日刊ニュース

2011.01.13 のニュース

今年から始まる系列の変化

正式名称は「エネルギー供給事業者による非化石エネルギー源の利用及び化石エネルギー原料の有効な利用の促進に関する法律」。恐らくこれからの元売事業に、最も大きな影響を与えるであろう「エネルギー供給構造高度化法」が施行された。電気やガス、石油事業者などエネルギー供給事業者に対して、太陽光、風力など再生可能エネルギー、原子力など非化石エネルギーの利用や「化石エネルギー原料の有効な利用」を促進するために「必要な描画を講じる」法律である。
 「必要な描画」とは、経産大臣が基本的な方針を策定、エネルギー供給事業者が取り組むべき事項について、ガイドラインとなる判断基準を定め、事業者の計画的な取り組みを促し、その取り組み状況が判断基準に照らして不十分な場合には、大臣が勧告や命令をできる、というものだ。
 石油産業は、バイオ燃料のウェイトを高める方向に向かうとともに、重質油分解装置の一定装備率の義務化が精製元売に課せられ、装備率未達の元売は、巨大な設備投資を行って装備率(分子)を高めるか、精製能力(分母)を縮小するか。この二者択一が迫られる。縮小する内需に対して、巨額な投資を行って分子を高めることは現実的な選択肢ではなく、製油所の能力縮小も、競争力を削ることと同額となるから、製油所の系統丸ごとの停止・削減が現実的な対応になるだろう。
 行政指導のもとで、一気に精製元売の過剰生産能力の削減が進む可能性があり、需給が締まる効用も期待されるが、SS側にも痛みが伴う。場合によっては激痛になる。
 現在、北海道、四国、九州の3地区には3社5製油所がある。面積としては北海道に次ぐ東北地方でも1製油所のみとなっている。
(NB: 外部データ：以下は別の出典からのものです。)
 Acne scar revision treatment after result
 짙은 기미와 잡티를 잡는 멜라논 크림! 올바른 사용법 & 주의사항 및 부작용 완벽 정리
日本海側はすでにゼロである。これらの地域では、該当地域の主力製油所の有無が、SSの商流にかつてない変化を伴うことが予想される。石油産業の総体でみても、3製油所から1製油所となった沖縄と同様な変化が生じる可能性がある。
 個々の系列でみればなおさらである。シェア5%以内の元売が、1製油所のみの元売が、北海道から九州まで系列網を維持することは早晩、困難になるだろう。シェア10%以上の元売でも、平坦線の長く細い競争力の劣る地域からは、手を引かざるを得なくなるだろう。その変化が形となる元年が始まる。